Жизнь честная, прочная, хорошая шла мимо Шурки. И всем своим видом показывала, что для Шурки места в ней больше нет.
Но разве он, Шурка, виноват? Разве он враг и шпион?
— Эй вы!..
Шурка в сердцах толкнул женщину в берете. И понапрасну: руки его прошли насквозь, а сам он по инерции кубарем полетел вперед, никого не задев.
Никто не бросился ему помочь. Никто его не увидел.
Он сидел на тротуаре и плакал.
— Гады!
Шурка всхлипнул, встал. Валялись грудой булыжники. Рядом зияла на тротуаре выбоина. Словно рабочие весь день складывали мозаику-головоломку и ушли, не решив.
Он вытер рукавом лицо. Набрал полные руки камней, прижал к животу.
— Ну погодите, гады, — пробормотал Шурка. Голос его дрожал от слез, обиды и ярости. — Сейчас вы меня увидите. Сейчас я вам покажу.
Он метнул камень в гражданку в беретике. В толстяка с портфелем. В студента в расстегнутой куртке. Но те шли как ни в чем не бывало. Камни пролетели сквозь них.
Люди шли и шли. Шурка снова метнулся к куче булыжников. Слез уже не было.
Радость безнаказанности охватила Шурку. Он опять набрал горсть. Нашел цель в толпе. Мальчишка. Руки в карманах. Нос кнопкой. Кепка на затылке, на шее грязноватый скатавшийся шарф. Под пиджаком с чужого плеча виднелась грязная майка. А на ногах — разные ботинки: один — черный, поновее, другой — зеленый, с обшарпанным носом.

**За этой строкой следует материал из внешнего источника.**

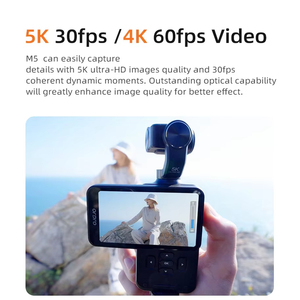 <span class=keywords><strong>Camera</strong></span> hành động máy quay kỹ thuật số cầm tay 4K ổn định Gimbal 3 trục IR video vlog tầm nhìn ban đêm - Product Image 5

Шкет, как говорил про них участковый милиционер Петров, лазавший с фонариком по подвалам и чердакам — гонять прочь таких вот мальчишек.
Шурка прицелился и швырнул кусок булыжника.
— Ай! — вдруг подскочил мальчишка, схватившись за грязный лоб. — Ах ты гад!
Шурка распахнул глаза. Шкет увидел его?
Развязной походочкой он двинулся прямо на Шурку! В другое время Шурка бы немедленно дал деру. Но сейчас был рад даже драке.
Хулиган вразвалочку подошел. Смерил Шурку нахальным взглядом. Голубые глазки, грязные волосы. Засаленная одежка. От него воняло асфальтом и еще чем-то таким гадким, тревожным, страшным, чем пахнет только от некоторых взрослых.
Шкет ощерился. Вместо нескольких зубов зияли дыры.